■ **EXERCISE DIRECTIONS**: Work out how many lines in the records contain the word "pattern", and give that number alone.

(Beginning of RECORDS PROVIDED)

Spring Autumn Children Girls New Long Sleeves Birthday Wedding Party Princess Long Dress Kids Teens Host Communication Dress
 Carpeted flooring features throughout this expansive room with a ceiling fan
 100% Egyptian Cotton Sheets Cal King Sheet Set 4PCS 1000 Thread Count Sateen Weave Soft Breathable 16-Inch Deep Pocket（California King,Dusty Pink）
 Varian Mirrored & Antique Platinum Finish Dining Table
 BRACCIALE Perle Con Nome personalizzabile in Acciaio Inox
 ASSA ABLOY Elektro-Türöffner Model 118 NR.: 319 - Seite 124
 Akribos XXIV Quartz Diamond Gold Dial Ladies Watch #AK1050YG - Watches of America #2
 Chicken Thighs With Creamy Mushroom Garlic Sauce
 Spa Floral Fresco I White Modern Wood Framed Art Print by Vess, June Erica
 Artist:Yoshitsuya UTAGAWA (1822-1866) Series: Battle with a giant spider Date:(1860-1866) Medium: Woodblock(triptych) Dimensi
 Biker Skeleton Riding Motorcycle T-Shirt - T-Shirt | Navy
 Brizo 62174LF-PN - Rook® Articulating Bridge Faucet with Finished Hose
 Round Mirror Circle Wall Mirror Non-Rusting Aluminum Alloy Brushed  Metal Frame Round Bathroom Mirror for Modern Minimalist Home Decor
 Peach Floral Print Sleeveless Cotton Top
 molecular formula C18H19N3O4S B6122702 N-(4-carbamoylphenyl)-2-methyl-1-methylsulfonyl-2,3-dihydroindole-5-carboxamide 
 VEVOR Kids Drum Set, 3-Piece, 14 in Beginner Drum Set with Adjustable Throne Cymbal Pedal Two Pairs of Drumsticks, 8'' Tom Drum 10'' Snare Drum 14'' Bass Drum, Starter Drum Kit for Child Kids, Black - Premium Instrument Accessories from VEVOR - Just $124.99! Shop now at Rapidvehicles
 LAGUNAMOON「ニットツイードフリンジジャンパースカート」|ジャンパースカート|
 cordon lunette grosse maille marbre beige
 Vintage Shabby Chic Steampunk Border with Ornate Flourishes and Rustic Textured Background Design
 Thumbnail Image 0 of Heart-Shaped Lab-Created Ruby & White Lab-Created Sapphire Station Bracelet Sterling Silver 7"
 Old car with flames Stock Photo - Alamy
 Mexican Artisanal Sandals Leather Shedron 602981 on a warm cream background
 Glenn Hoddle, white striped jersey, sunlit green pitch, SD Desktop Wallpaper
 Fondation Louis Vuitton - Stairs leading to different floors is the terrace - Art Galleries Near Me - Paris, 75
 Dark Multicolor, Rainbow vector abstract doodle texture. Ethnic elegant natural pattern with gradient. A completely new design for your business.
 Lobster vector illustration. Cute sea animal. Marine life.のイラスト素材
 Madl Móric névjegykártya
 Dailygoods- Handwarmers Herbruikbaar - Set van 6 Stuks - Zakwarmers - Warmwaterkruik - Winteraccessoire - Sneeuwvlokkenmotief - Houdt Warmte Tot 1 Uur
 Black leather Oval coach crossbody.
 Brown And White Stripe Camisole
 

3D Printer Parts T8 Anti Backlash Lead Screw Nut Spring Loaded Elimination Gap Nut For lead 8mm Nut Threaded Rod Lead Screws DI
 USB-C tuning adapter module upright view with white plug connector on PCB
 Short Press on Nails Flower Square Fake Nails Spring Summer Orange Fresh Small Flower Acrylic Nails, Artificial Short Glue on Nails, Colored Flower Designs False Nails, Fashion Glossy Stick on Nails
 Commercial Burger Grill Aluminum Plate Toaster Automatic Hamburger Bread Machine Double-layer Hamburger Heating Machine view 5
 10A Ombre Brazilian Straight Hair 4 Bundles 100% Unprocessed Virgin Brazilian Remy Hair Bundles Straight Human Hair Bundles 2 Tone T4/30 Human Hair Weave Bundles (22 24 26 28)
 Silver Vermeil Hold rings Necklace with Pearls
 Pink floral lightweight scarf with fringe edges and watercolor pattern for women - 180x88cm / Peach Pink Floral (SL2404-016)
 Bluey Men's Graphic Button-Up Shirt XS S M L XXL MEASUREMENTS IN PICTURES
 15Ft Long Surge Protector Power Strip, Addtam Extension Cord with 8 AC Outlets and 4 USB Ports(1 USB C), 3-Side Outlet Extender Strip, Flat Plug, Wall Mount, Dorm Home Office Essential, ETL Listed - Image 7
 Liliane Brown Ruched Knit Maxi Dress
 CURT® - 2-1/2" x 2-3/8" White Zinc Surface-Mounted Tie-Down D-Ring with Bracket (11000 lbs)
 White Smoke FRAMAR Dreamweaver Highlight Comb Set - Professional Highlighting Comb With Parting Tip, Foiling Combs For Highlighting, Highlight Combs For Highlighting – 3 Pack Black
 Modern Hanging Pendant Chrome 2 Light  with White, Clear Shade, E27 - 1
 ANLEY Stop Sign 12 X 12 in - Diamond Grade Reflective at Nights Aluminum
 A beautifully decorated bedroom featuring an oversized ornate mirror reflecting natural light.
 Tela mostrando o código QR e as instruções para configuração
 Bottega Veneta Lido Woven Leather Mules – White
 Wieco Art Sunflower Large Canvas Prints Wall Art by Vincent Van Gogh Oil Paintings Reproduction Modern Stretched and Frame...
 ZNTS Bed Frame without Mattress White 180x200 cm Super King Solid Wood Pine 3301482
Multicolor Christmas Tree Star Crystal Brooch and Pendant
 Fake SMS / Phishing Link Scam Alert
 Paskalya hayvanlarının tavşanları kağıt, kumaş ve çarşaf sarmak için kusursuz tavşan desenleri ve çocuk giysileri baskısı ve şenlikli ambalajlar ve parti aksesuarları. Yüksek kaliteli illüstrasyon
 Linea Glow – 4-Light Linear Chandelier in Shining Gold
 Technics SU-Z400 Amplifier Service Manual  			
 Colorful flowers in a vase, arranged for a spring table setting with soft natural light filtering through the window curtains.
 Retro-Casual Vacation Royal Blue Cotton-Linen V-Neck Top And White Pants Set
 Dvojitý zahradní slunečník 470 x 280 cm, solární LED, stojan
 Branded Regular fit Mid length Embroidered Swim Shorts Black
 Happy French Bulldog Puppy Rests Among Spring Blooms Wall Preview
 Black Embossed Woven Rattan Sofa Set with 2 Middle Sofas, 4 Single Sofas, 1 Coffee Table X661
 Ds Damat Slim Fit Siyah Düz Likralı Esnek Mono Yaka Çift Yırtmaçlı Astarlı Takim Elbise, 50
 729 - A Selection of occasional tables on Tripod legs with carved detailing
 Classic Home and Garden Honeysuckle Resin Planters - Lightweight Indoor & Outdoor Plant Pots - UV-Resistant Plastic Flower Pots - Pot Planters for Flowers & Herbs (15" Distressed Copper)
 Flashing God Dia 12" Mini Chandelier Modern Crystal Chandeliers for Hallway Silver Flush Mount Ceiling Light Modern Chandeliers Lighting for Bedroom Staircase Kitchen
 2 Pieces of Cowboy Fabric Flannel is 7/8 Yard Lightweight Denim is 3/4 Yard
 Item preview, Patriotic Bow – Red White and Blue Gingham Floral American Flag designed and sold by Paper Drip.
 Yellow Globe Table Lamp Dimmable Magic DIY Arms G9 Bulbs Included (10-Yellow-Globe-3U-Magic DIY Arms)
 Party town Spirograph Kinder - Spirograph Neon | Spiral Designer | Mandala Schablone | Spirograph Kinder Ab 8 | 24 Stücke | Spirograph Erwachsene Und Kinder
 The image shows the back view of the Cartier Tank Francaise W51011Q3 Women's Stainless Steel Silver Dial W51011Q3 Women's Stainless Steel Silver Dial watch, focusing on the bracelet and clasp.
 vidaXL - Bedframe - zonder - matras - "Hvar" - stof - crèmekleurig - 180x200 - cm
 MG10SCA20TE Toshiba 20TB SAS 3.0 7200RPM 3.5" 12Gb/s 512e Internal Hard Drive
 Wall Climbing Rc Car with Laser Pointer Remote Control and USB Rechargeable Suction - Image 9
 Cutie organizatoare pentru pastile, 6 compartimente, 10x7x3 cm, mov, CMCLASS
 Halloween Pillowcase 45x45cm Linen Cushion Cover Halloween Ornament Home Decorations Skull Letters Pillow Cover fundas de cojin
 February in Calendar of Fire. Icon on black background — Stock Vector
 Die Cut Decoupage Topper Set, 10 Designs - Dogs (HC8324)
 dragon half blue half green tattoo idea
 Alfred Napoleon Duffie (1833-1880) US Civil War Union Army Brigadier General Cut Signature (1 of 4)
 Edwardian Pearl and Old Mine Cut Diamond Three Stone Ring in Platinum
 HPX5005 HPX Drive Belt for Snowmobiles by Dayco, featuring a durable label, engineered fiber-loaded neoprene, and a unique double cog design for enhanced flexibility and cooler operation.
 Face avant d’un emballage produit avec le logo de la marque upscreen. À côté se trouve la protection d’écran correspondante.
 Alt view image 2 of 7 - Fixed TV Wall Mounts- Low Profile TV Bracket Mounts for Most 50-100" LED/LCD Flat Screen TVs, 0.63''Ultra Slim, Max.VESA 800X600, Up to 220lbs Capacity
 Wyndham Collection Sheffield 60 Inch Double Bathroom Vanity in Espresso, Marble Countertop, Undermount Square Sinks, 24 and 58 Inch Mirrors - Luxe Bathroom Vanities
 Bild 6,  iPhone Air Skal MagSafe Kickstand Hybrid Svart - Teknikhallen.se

(End of RECORDS PROVIDED)

■ **EXERCISE RESPONSE**: 2